◆ **Brief descriptive captions**:
== Segment start ==

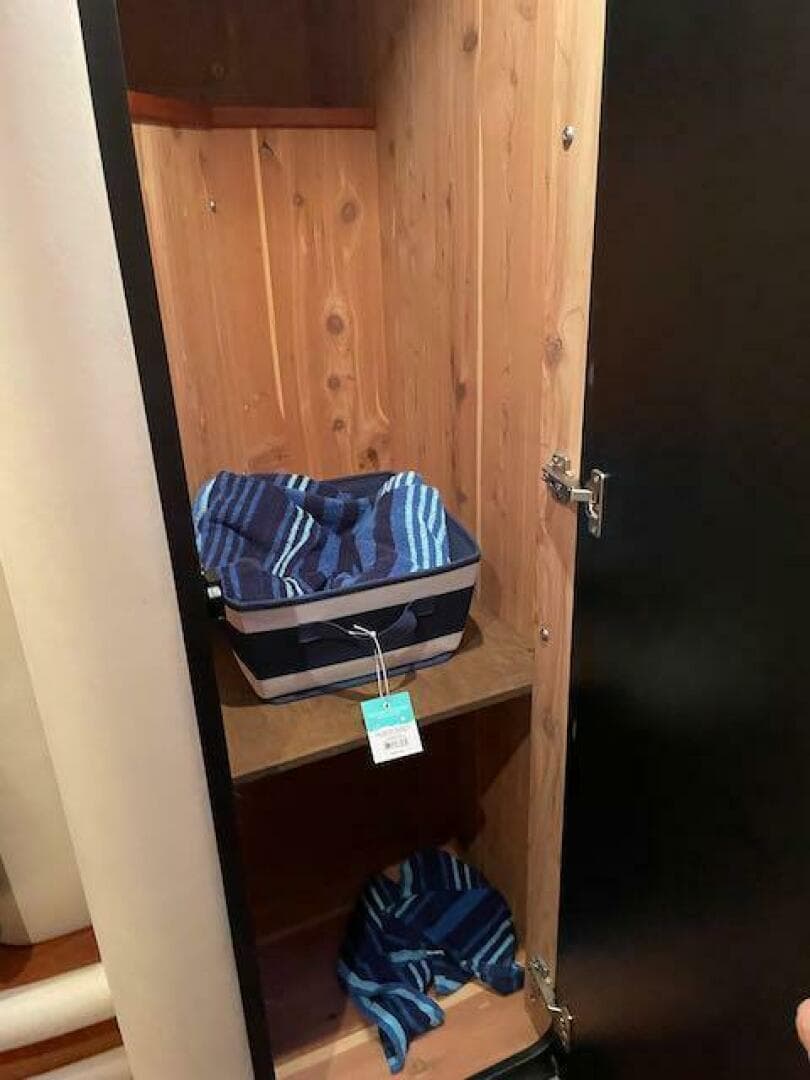 1999 Sea Ray 480 Sedan Bridge — photo 26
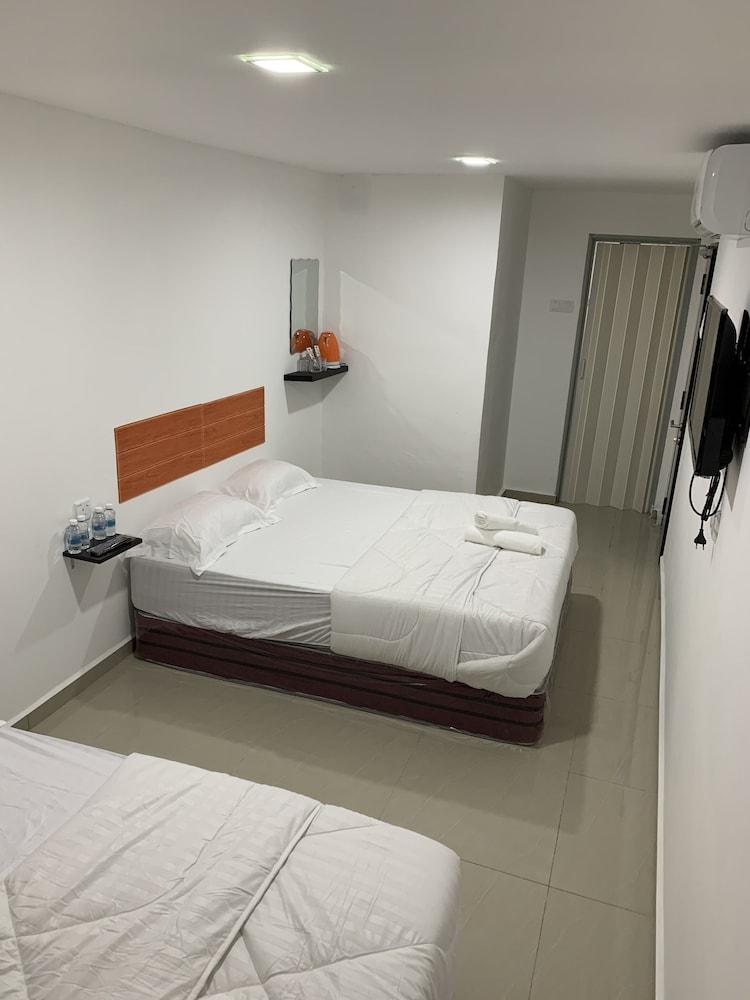 Orange Villa Hotel - Room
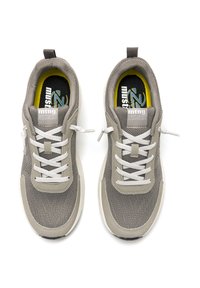 Zapatillas de malla gris con cordones blancos, lengüeta acolchada y acentos de logo. Presentan un diseño ligero y una parte superior texturizada para mayor comodidad.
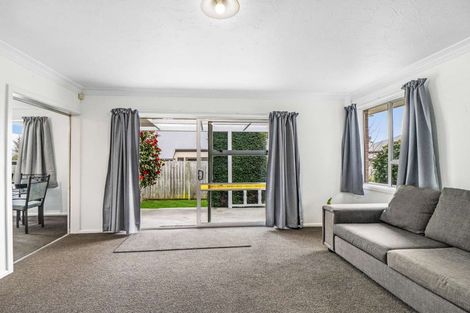 Photo of property in 402 Yaldhurst Road, Russley, Christchurch, 8042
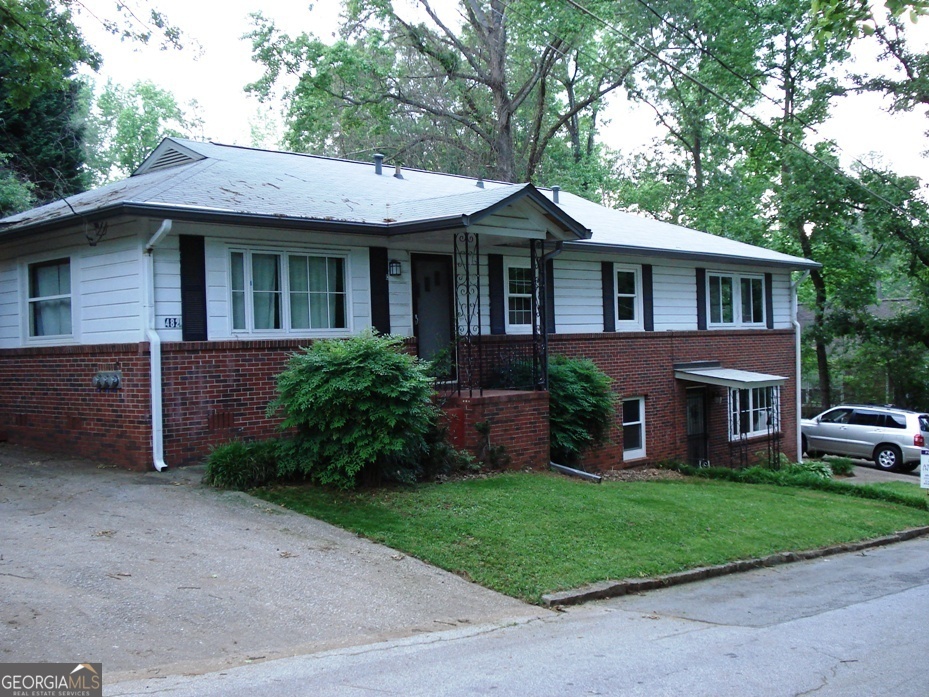 482 Magnolia Dr, Unit B in Pine Lake, GA - Building Photo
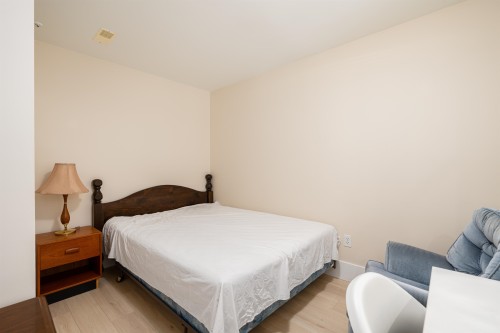 2087 18Th Avenue W, Vancouver, BC - Indoor Photo Showing Bedroom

== Segment end ==

◆ **WHAT YOU SHOULD DO**: Once the line holding "Orange Villa Hotel - Room" is found, set it down along with every line after it through the end of the entries, exactly, leaving the pictures out.

◆ **ANSWER**:
 Orange Villa Hotel - Room
 Zapatillas de malla gris con cordones blancos, lengüeta acolchada y acentos de logo. Presentan un diseño ligero y una parte superior texturizada para mayor comodidad.
 Photo of property in 402 Yaldhurst Road, Russley, Christchurch, 8042
 482 Magnolia Dr, Unit B in Pine Lake, GA - Building Photo
 2087 18Th Avenue W, Vancouver, BC - Indoor Photo Showing Bedroom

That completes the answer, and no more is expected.